Gerçekliğe sadakatte, ahlaklılıkta ve adalette kendini tam
ya da mükemmele yakın gören kim!
“Siyasetçiler yararları konusunda toplumu iknaya çalışırken,
uzmanlar neyin gerçekten yararlı olduğunu topluma gösterirler” demişti Bertrand
Russell! Fizikte, Kimyada, Tıpta olduğu gibi AHLAKTA DA uzmanlık önemlidir.
AHLAKTA uzmanlığına güvenebileceğimiz kişiler gerçekliğe
sadakatten ayrılmayan adil insanlar, yani BİLGELERDİR!
Siyasetçilerini, bilgelerine (Uzmanlarına) tercih eden
ulusların hiçbir geleceği yoktur. Peki, siyasetçileri uzmanlardan daha etkili
ve yetkili kılan kim?
Siyaset, en basit tanımıyla ülke kaynaklarını kullanma,
dağıtma yetkisini ele geçirme mücadelesidir. Birileri “Ben sizin çıkarlarınızı
en iyi (sizden bile iyi) gözetirim” diyerek sizden oy istemek ve almaktadır.
Bu çıkar ilişkisinde “ADALET” sadece eski bir kadın adıdır.
“İYİLİK” kavramının karşılığı kayırmacılıktır. (Nepotizm)

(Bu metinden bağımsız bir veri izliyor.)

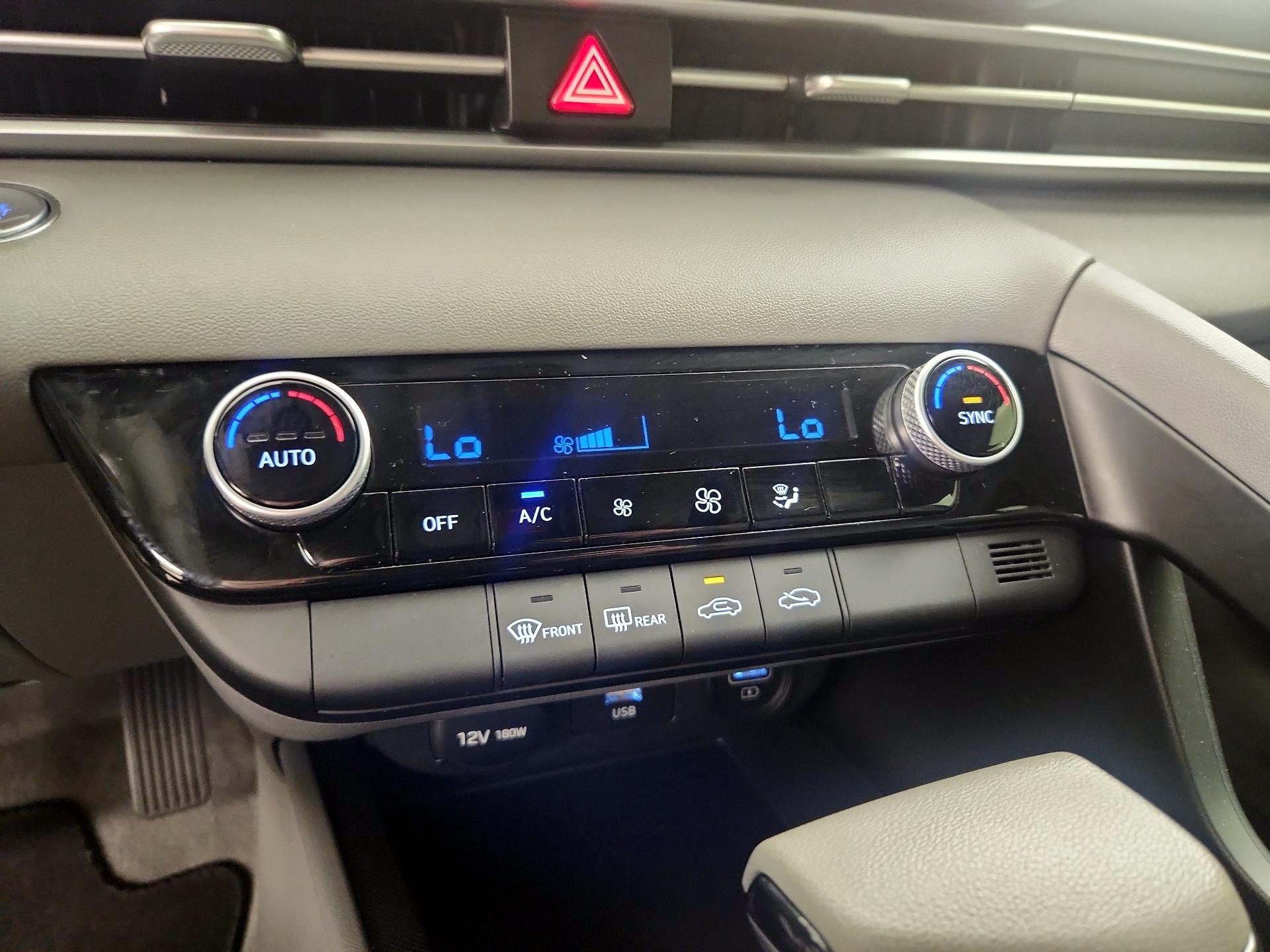 Thumbnail: 2023 Hyundai Elantra - 16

Bir toplumun, bir ulusun ve insanlığın refahı için
siyasetçilerin etkileri ve yetkileri mutlaka sınırlandırılmalı, (Kuvvetler
Ayrılığı-Yargı Bağımsızlığı-Parlamenter Sistem “Millet Meclis-Senato”) konunun
uzmanlarının etkileri ve yetkileri arttırılmalı ve siyasetçiler çok sıkı
denetlenmelidir.
Siyaset, bir rant kapısı değil, gönüllü bir hizmet kurumu
olmalıdır.”
Aziz Türk Milleti;
“Her millet müstahak olduğu siyasetçiler tarafından
yönetilir” diye bir söz vardır.
Bu söz, Türk Milleti için geçerli olamaz, olmamalı.

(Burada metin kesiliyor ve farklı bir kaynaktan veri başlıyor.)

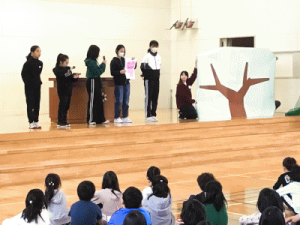 にこにこハートの木.png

Bizim binlerce yıllık “Devlet Deneyimimiz” var. Elbette
bazen yanlış seçimler yapabiliyoruz. 22 yıl önce de halkımızın yaptığı da ciddi
bir yanlış idi!
Emperyalist Devletlerin elemanı olmayı baştan kabullenmiş,
bilgisi, ülke sevgisi, ahlakı çok sığ olan muaviye aklına sahip, İhvan
terbiyesiyle yetişmiş “Seccademize dadanmış şeytanlar” bize musallat oldu. Çok
kaybımız oldu ama önemli olan, yapılan yanlışlardan ders çıkarmasını
bilebilmektir.
Amin Maalouf adlı yazar, İslam Dünyasındaki siyaset
cambazları için güzel bir benzetme yapmıştı; “İnsanlar, bir dinleri olduğu
için, AHLAKA ihtiyaçları kalmamış gibi davranıyorlar!”
Son 22 yılda başta siyaset olmak üzere her konuda “Güzel
Ahlakın” sıkıntısını çekmiyor muyuz?